-
Notifications
You must be signed in to change notification settings - Fork 5
Autocycler dotplot
Autocycler dotplot generates pairwise dotplots for input sequences. This can help to illuminate the differences between sequences and potential structural errors.
Within an Autocycler assembly, the most common way to run Autocycler dotplot is before/after trimming a cluster's sequences with Autocycler trim, allowing the user to verify that trimming has removed any duplicated or erroneous regions.
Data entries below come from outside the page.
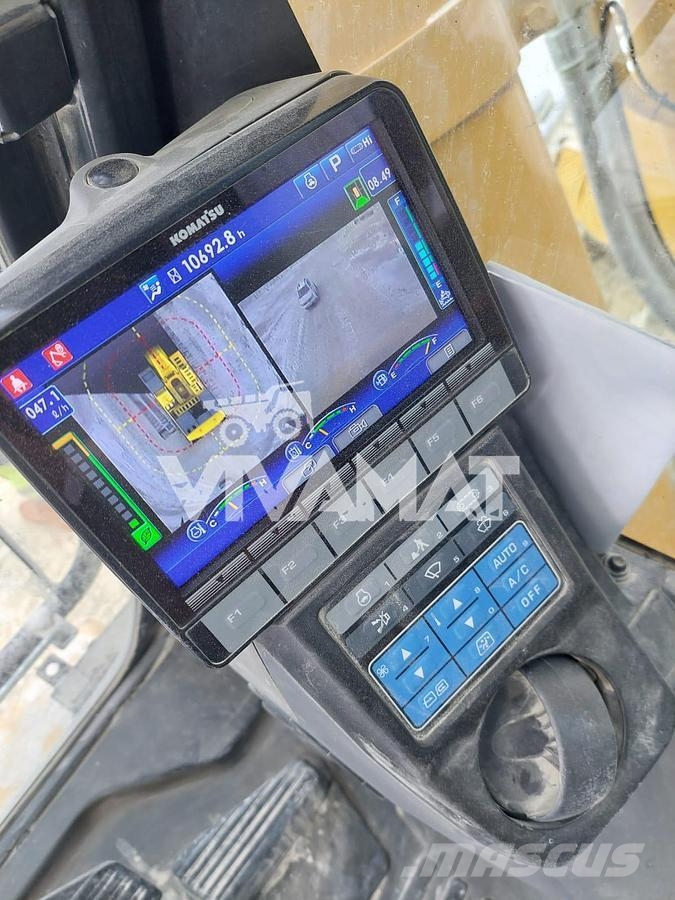 Komatsu PC700LC-11 履带挖掘机
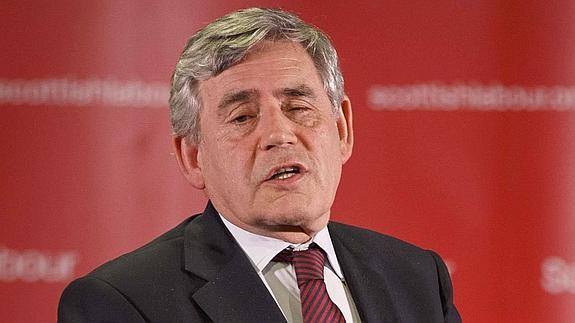 El ex primer ministro británico Gordon Brown anuncia su adiós como diputado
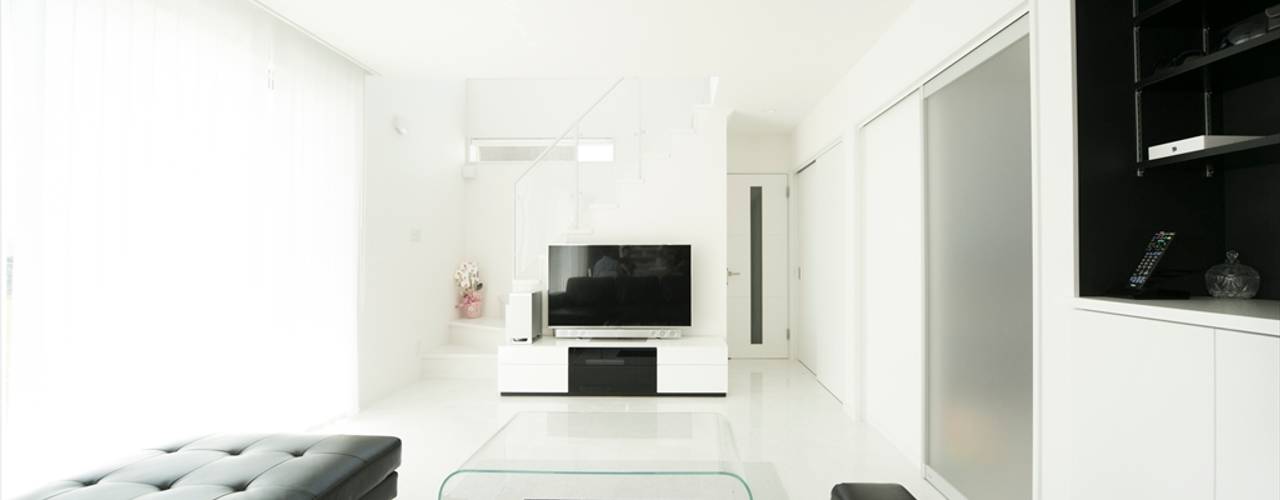 白を基調としたスタイリッシュな家, ナイトウタカシ建築設計事務所 ナイトウタカシ建築設計事務所 Salas modernas
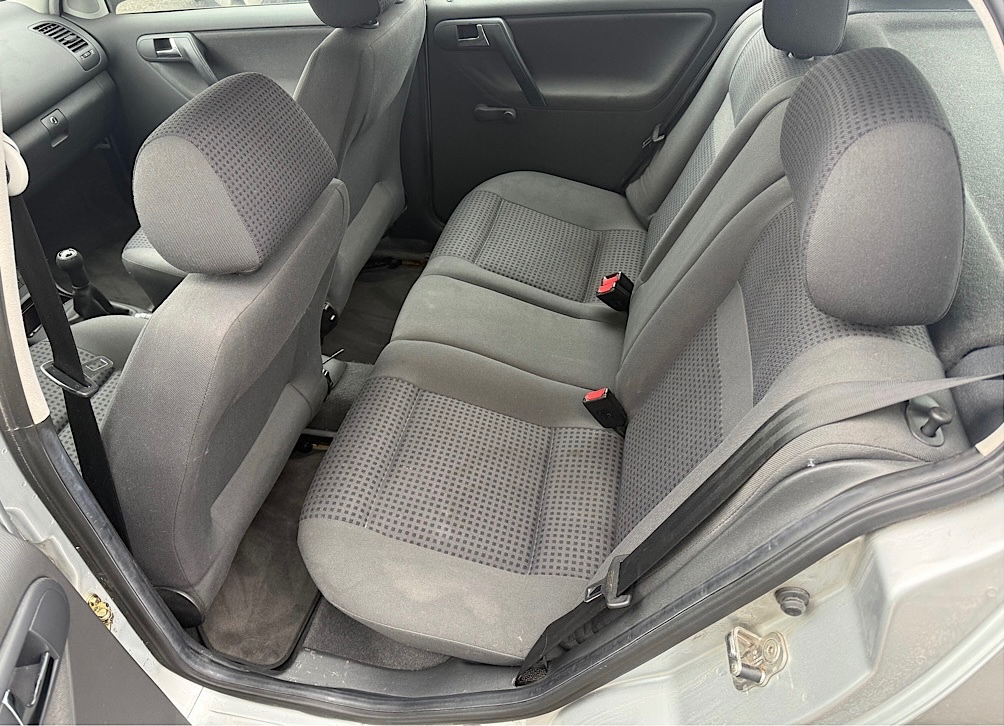 Volkswagen Polo 1.9 SDI - 12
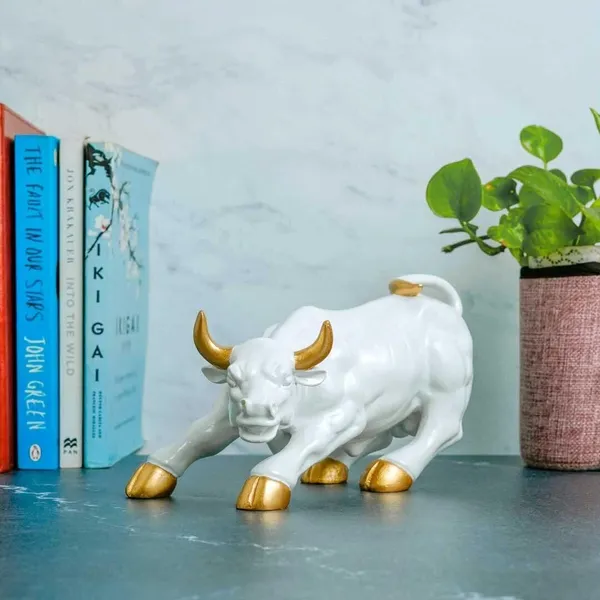 Wall_Street_Charging_Bull_Statue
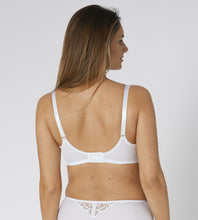 Load image into Gallery viewer, A close up of a model showing the back of the Triumph Modern Finesse WP White Bra.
However, Autocycler dotplot can also be run outside of an Autocycler assembly – just give it a FASTA file or directory of FASTA files as input, and it will produce all pairwise dotplots.
Create pairwise dotplots for all sequences in an Autocycler cluster, before and after trimming:
autocycler dotplot -i qc_pass/cluster_002/1_untrimmed.gfa -o qc_pass/cluster_002/1_untrimmed.png
autocycler dotplot -i qc_pass/cluster_002/2_trimmed.gfa -o qc_pass/cluster_002/2_trimmed.png
Create pairwise dot plots for all sequences in a FASTA file:
autocycler dotplot -i sequences.fasta -o dotplots.png
Usage: autocycler dotplot [OPTIONS] --input <INPUT> --out_png <OUT_PNG>
Options:
-i, --input <INPUT> Input Autocycler GFA file, FASTA file or directory (required)
-o, --out_png <OUT_PNG> File path where dotplot PNG will be saved (required)
--res <RES> Size (in pixels) of dotplot image [default: 2000]
--kmer <KMER> K-mer size to use in dotplot [default: 32]
-h, --help Print help
-V, --version Print version
- Blue for same-strand matches, red for opposite-strand matches.
- Performance scales with sequence length (n) and sequence number (n2).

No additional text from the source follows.